Beijing, China • May, 2008 – Earlier this year, the National Center for the Performing Arts in Beijing conducted a worldwide search for pianos for its music spaces. When the decisions were made, Kawai and Shigeru Kawai pianos comprised 17 of the 22 instruments selected. Now, with an impressive collection of new Kawai and Shigeru Kawai pianos (including a Shigeru Kawai concert grand), the National Center is ready for the worldwide attention of the Beijing Olympics.

Designed by French architect Paul Andreu and known as The Egg, the National Centre for Performing Arts in Beijing opened in 2007. The futuristic building is an ellipsoid dome of titanium and glass surrounded by a large reflecting pool. It is said to look like an egg floating on water.

Home to the China’s National Symphony Orchestra, it is one of several large new architectural showpieces commissioned by the Chinese government to be built in time for the 2008 Beijing Olympics. With a total construction cost of more than $330 million, the complex includes three performance spaces – a 2,416-seat opera house, a 2,017-seat concert hall and a 1,040-seat theater.

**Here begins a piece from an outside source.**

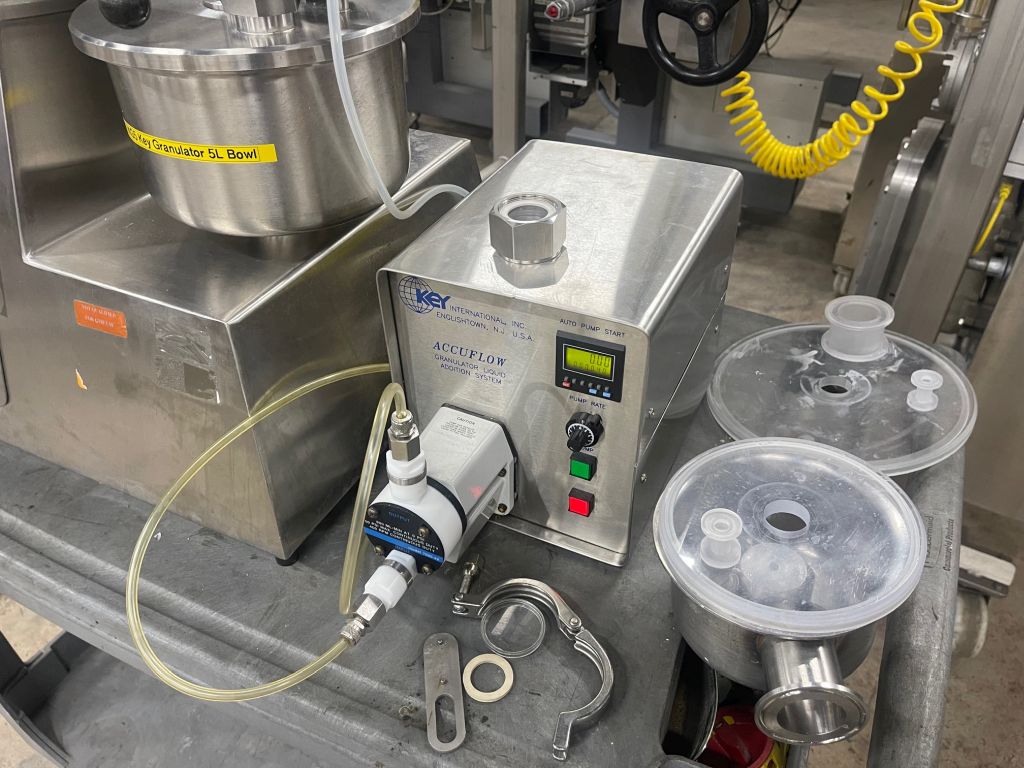 Used Key Intl KG5 High Shear Mixer with 2 Bowls, Chopper and Liquid Feed Pump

According to Chinese officials, the complex is the largest performing arts center in the world, twice as big as the Kennedy Center for the Performing Arts in Washington. It was designed as an iconic feature that would be immediately recognizable. Since its opening, “The Center” has seen performances by famous international conductors Valery Gergiev and Seiji Ozawa, sopranos Kathleen Battle and Kiri Te Kanawa, and the New York Philharmonic among others.